NC State University

Department of Computer Science Colloqua 1999-2000

Date: Friday, February 4, 2000
Time: 3: 30 PM  (talk)
Place: EGRC 246, NCSU Centennial Campus (click for courtesy parking request)

Speaker: Bin Wang, Electrical Engineering, Ohio State University

Quality of Service Extension to Core-based Multicast Routing Protocols

Abstract: With commercialization of the Internet as well as the increasing demand of quality of service (QoS) fueled by emerging multimedia applications, offering quality of service will add to the competitive edge of a successful service provider. QoS routing which finds appropriate routes to satisfy applications' QoS requirements is one of the unsolved technical obstacles for network QoS provisioning. Current multicast routing approach is incapable of constructing a routing tree to satisfy applications' requested QoS.

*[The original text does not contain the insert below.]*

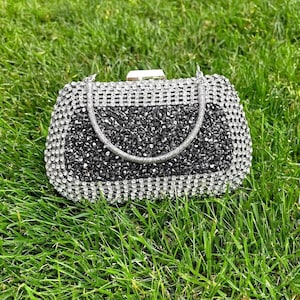 Black Crystal Rhinestone Clutch: Elegant Evening Bag with Chain Strap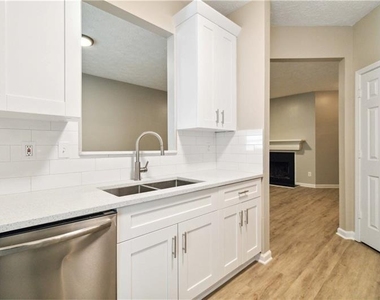 5820 Terremont Circle - Photo Thumbnail 16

In this talk, we will describe extension to core based tree multicast routing protocols, for example, core-based tree routing protocol (CBT) and simple multicast protocol (SM), to maintain a multicast tree with user-specified QoS properties.  Specifically, we describes enhancements to the multicast member join/leave and state update/refresh procedures to facilitate the deployment of additive (e.g., end-to-end delay bound), multiplicative (e.g., packet loss ratio along a path), and concave (e.g., minimum bandwidth available) QoS.

Eligibility tests are devised to verify whether or not a new member can join a multicast tree at adequate QoS, while not violating the QoS received by on-tree members. Management of router state is based on a simple state update and refresh procedure that can be readily integrated with the tree maintenance mechanism that exists in bi-directional core-based multicast routing protocols (e.g., the use of echo-request and echo-reply messages in CBT for tree maintenance).

We developed a Java-based objected-oriented network simulator called NetSim^Q to study the proposed QoS mechanism. The proposed QoS routing extension is shown to be effective and incur reasonable amount of control message overhead.